- HOW TO COMPLETE THIS TASK -
From the records below, extract only the lines running from the line with "Joline Blue Jacquard Shorts - 3" to the line with "Canon Digital SLR", both lines included, reproducing them exactly.

- GIVEN INFORMATION -
####################
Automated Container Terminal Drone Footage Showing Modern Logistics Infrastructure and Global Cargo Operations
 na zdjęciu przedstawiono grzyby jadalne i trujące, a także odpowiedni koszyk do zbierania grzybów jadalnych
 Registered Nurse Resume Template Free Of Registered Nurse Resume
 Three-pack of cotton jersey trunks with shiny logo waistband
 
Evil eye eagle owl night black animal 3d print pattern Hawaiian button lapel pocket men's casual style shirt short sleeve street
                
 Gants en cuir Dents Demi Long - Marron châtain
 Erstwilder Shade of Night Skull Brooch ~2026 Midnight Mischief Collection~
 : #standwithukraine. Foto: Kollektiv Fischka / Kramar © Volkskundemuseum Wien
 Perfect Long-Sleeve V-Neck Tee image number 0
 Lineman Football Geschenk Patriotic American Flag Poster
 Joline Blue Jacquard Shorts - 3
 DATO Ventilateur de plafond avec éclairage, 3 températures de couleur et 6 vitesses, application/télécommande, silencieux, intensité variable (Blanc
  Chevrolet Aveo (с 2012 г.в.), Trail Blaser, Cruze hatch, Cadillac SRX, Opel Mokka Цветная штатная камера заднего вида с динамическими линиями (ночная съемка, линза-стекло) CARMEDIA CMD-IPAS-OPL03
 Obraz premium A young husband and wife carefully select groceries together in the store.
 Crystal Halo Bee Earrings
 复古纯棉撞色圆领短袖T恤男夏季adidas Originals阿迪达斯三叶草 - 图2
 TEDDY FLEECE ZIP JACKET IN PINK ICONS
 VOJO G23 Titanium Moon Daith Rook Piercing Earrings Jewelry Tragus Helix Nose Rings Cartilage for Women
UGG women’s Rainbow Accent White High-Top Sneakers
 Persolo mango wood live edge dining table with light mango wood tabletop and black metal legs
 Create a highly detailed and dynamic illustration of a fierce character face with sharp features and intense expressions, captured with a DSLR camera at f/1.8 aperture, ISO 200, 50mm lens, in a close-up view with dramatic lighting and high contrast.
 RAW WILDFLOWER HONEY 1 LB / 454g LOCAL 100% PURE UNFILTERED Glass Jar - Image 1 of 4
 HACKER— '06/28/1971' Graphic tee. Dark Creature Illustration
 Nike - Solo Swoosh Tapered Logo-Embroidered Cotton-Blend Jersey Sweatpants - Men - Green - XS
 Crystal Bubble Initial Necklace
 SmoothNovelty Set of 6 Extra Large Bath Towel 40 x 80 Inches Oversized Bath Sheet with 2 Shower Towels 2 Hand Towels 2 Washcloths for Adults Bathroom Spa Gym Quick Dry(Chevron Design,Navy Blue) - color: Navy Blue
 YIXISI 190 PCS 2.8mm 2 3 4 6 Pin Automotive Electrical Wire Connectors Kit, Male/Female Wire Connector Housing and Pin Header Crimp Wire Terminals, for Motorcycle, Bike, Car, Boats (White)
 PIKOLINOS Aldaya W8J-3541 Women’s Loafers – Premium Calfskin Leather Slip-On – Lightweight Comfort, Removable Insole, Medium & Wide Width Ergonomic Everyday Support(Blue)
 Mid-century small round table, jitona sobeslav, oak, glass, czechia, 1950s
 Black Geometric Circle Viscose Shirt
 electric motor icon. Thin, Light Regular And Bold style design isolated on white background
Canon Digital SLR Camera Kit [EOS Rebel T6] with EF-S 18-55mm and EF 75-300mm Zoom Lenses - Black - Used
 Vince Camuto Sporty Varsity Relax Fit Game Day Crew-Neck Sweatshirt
####################
- EXERCISE RESULT -
 Joline Blue Jacquard Shorts - 3
 DATO Ventilateur de plafond avec éclairage, 3 températures de couleur et 6 vitesses, application/télécommande, silencieux, intensité variable (Blanc
  Chevrolet Aveo (с 2012 г.в.), Trail Blaser, Cruze hatch, Cadillac SRX, Opel Mokka Цветная штатная камера заднего вида с динамическими линиями (ночная съемка, линза-стекло) CARMEDIA CMD-IPAS-OPL03
 Obraz premium A young husband and wife carefully select groceries together in the store.
 Crystal Halo Bee Earrings
 复古纯棉撞色圆领短袖T恤男夏季adidas Originals阿迪达斯三叶草 - 图2
 TEDDY FLEECE ZIP JACKET IN PINK ICONS
 VOJO G23 Titanium Moon Daith Rook Piercing Earrings Jewelry Tragus Helix Nose Rings Cartilage for Women
UGG women’s Rainbow Accent White High-Top Sneakers
 Persolo mango wood live edge dining table with light mango wood tabletop and black metal legs
 Create a highly detailed and dynamic illustration of a fierce character face with sharp features and intense expressions, captured with a DSLR camera at f/1.8 aperture, ISO 200, 50mm lens, in a close-up view with dramatic lighting and high contrast.
 RAW WILDFLOWER HONEY 1 LB / 454g LOCAL 100% PURE UNFILTERED Glass Jar - Image 1 of 4
 HACKER— '06/28/1971' Graphic tee. Dark Creature Illustration
 Nike - Solo Swoosh Tapered Logo-Embroidered Cotton-Blend Jersey Sweatpants - Men - Green - XS
 Crystal Bubble Initial Necklace
 SmoothNovelty Set of 6 Extra Large Bath Towel 40 x 80 Inches Oversized Bath Sheet with 2 Shower Towels 2 Hand Towels 2 Washcloths for Adults Bathroom Spa Gym Quick Dry(Chevron Design,Navy Blue) - color: Navy Blue
 YIXISI 190 PCS 2.8mm 2 3 4 6 Pin Automotive Electrical Wire Connectors Kit, Male/Female Wire Connector Housing and Pin Header Crimp Wire Terminals, for Motorcycle, Bike, Car, Boats (White)
 PIKOLINOS Aldaya W8J-3541 Women’s Loafers – Premium Calfskin Leather Slip-On – Lightweight Comfort, Removable Insole, Medium & Wide Width Ergonomic Everyday Support(Blue)
 Mid-century small round table, jitona sobeslav, oak, glass, czechia, 1950s
 Black Geometric Circle Viscose Shirt
 electric motor icon. Thin, Light Regular And Bold style design isolated on white background
Canon Digital SLR Camera Kit [EOS Rebel T6] with EF-S 18-55mm and EF 75-300mm Zoom Lenses - Black - Used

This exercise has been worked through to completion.